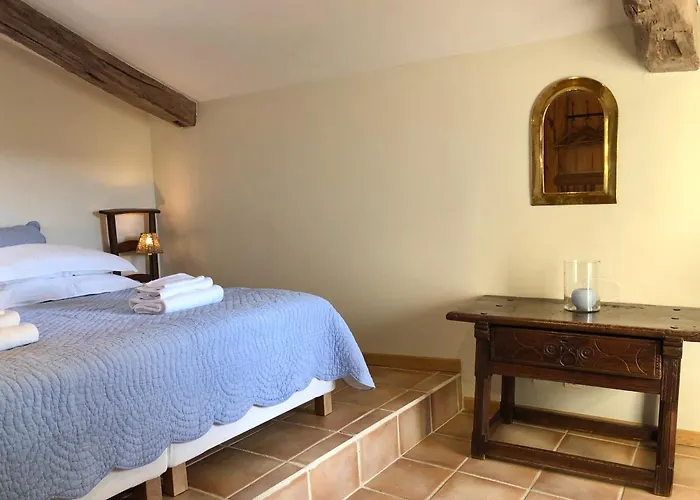 Le Vieil Guest house Aiglun (Alpes-de-Haute-Provence)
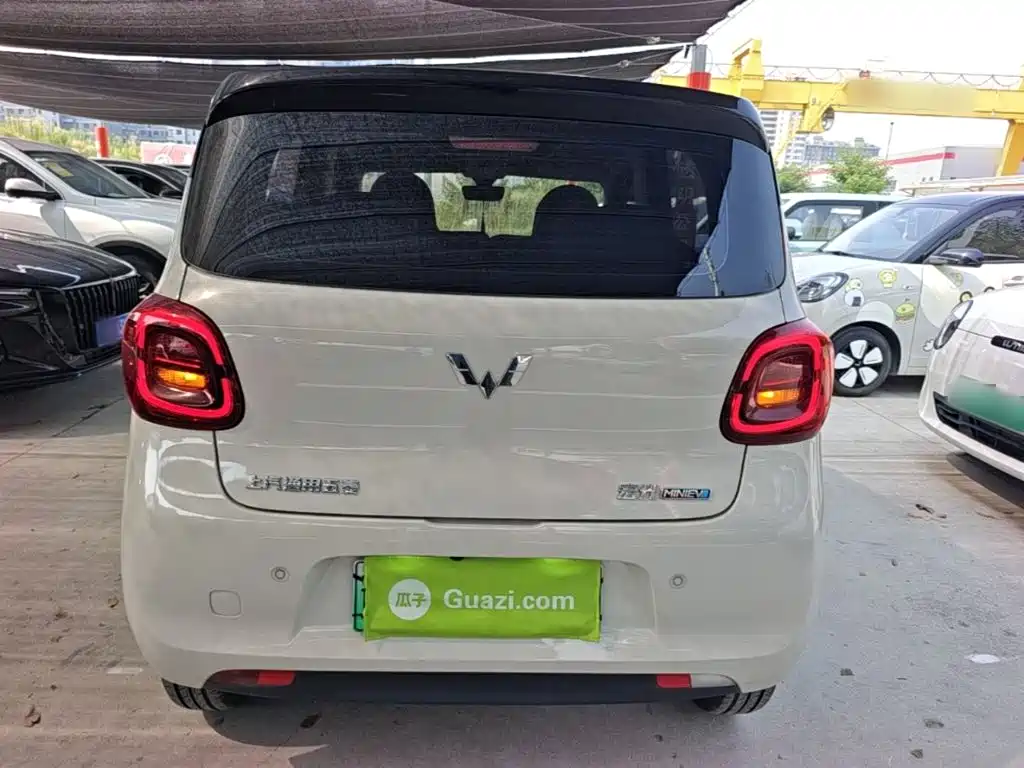 Wuling Hongguang MINIEV 2025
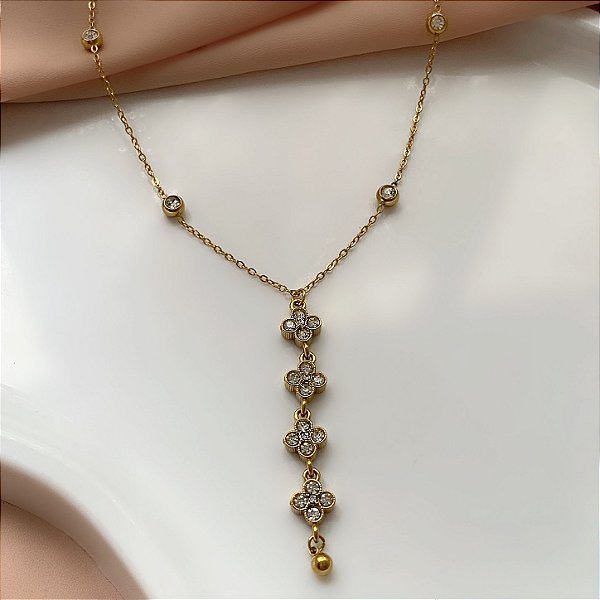 COLAR GRAVATINHA TREVO PEDRAS ZIRCÔNIAS DOURADO AÇO 316L⭐️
-=-=-=-=-
### YOUR GOAL
No pictures should appear in the copy. Print exactly the lines above from the line containing "Wuling Hongguang MINIEV 2025" through the last line of the data.

### TASK ANSWER
 Wuling Hongguang MINIEV 2025
 COLAR GRAVATINHA TREVO PEDRAS ZIRCÔNIAS DOURADO AÇO 316L⭐️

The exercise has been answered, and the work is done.